On Wed, 19 Feb 2020 14:34:33 +0100, Kelly Smith <[log in to unmask]> wrote:
>On Wed, 19 Feb 2020 12:27:31 +0100, Bruno Le Floch <[log in to unmask]> wrote:
>>On 2/19/20 10:25 AM, Jonathan Spratte wrote:
>>>> - Defining an environment that sets up active characters to emulate
>>>> traditional BNF syntax is very concise, but comes at the cost of
>>>> delimited arguments and catcode madness.
>>> You could as well use a letter-by-letter parser that doesn't need altered
>>> category codes. Take a look at the pgf module `parser`. That's not `expl3`
>>> but could give you an idea on what's possible.

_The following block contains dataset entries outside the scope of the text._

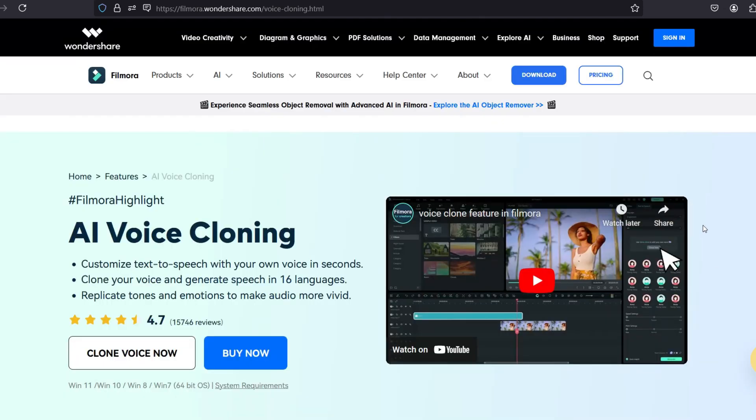Wondershare Filmora 13 is a powerful tool which embraces the new AI tools like no other video editing software. Try Filmora 13 today. The download link can be found in the video description.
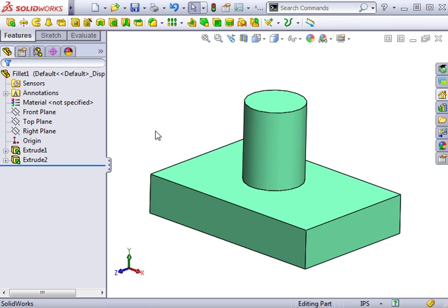The extrude, revolve, sweep, and loft features we just reviewed have one thing in common. They all require two-dimensional sketches. There are some features that do not require sketches at all. These features are referred to as applied features because they are directly applied in 3D.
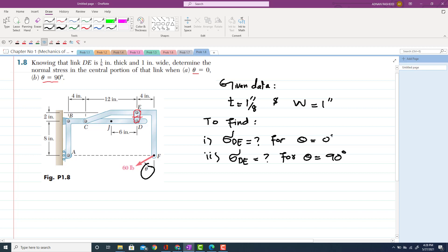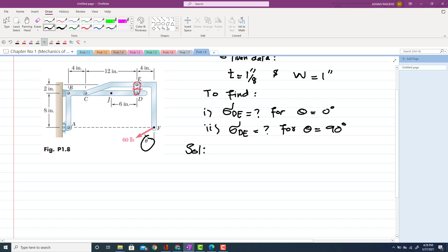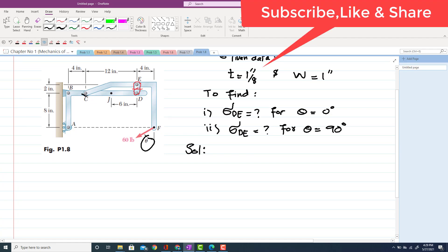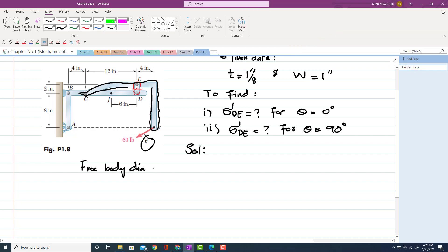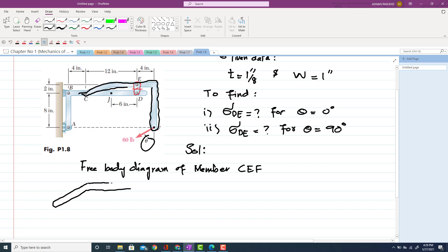Let's start with the solution. We will draw the free body diagram of member CEF. When you draw the free body diagram of this member, at point C this is point C, point E, and point F. At point F there is a 60 pound force acting, and if you draw the vertical line, it makes theta degrees with this line.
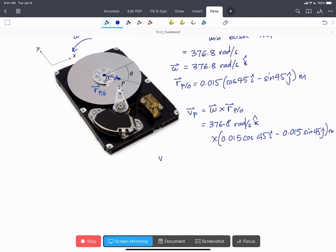If we do that out, we find the velocity of P is 4.0 i-hat plus 4.0 j-hat meters per second. So our velocity of P is going to be in this direction.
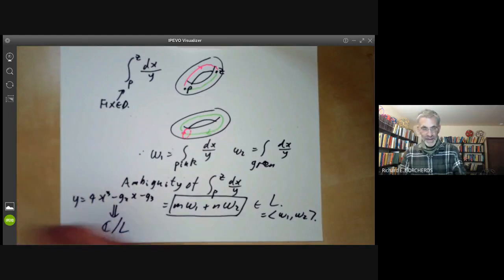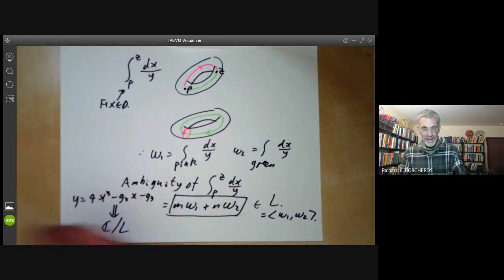That's all for Riemann-Roch in genus one. Next we'll be looking at Riemann-Roch for genus two.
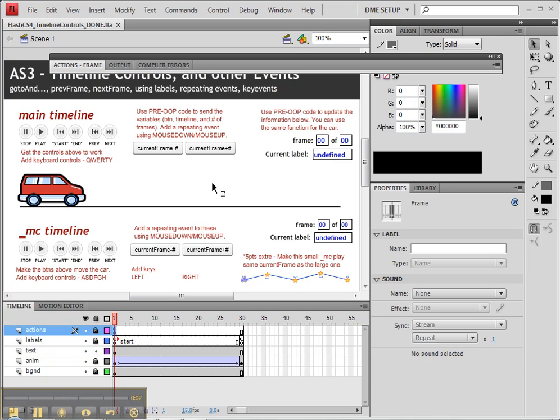In the following tutorial we're going to take a look at using pre-OOP code to control our timelines with these current frame buttons that we have here.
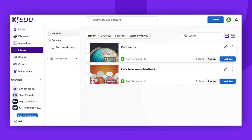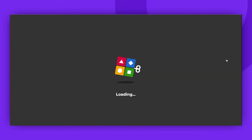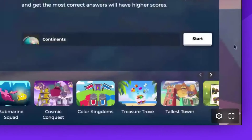First, select the Kahoot you would like to host and press host live. Before choosing the game mode, go to the settings located in the lower right corner.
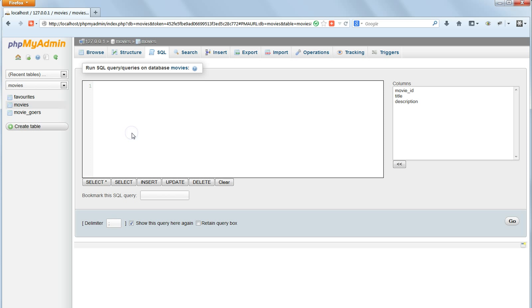To delete data we use the command DELETE FROM and specify the table that we're working in, for example DELETE FROM MOVIEGOERS. If we run this it will delete all the records in the table.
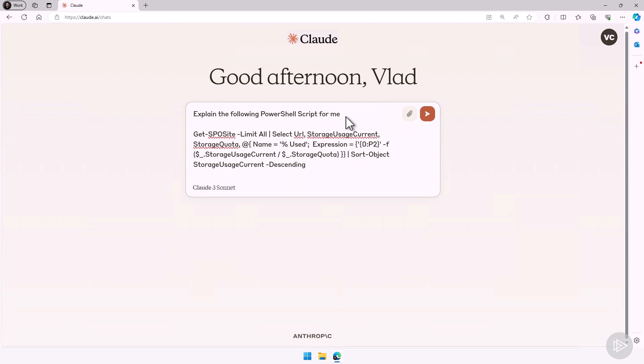A lot of the times we start working at a company and some scripts have already been created for us, especially in some systems that maybe we do not know as much because as IT administrators we manage so many systems. So in this case, I work at a company and then I have this report here that another admin has created before I joined the company, but I don't really understand it.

>>I've been *toying* for a long time (haven't gone very far) with the idea
>>of writing a parser generator, but I couldn't decide how powerful to
>>make it. One option would be to support "parsing expression grammars"
>>(PEGs), which can be parsed in linear time using a packrat parser (but
>>use a lot of memory, possibly problematic). Another option would be to
>>stick with more traditional things like LL or LR parser. To be honest,
>>I don't know enough about parsers and what useful languages they cover
>>to decide. Thoughts welcome.
>Given that the machinery already exists in the regex module, I would
>suggest making a lexer generator and then complementing it with
>a parser generator.
>Some quick reading suggests that LALR parsers (e.g. YACC) would be
>a good balance of expressiveness and efficiency. Since this would be
>used for document syntax, the parsers do not need to be very powerful,
>since user-facing syntax should be relatively simple and certainly
>should be unambiguous.
After discussing with a friend who’s more knowledgeable about parsers
than I, I’m retracting my suggestion of an LALR parser, in favor of PEGs.
However, after thinking about it, I’ve come to favor the idea that parsing
document syntax should still be done as it’s always been in LaTeX:
incrementally and interleaved with command execution. Trying to parse and
heavily process entire documents or even large sections at once would be
very resource-intensive and require a lot of tooling. I’ll have to consider this
further and see if I can explain it more fully.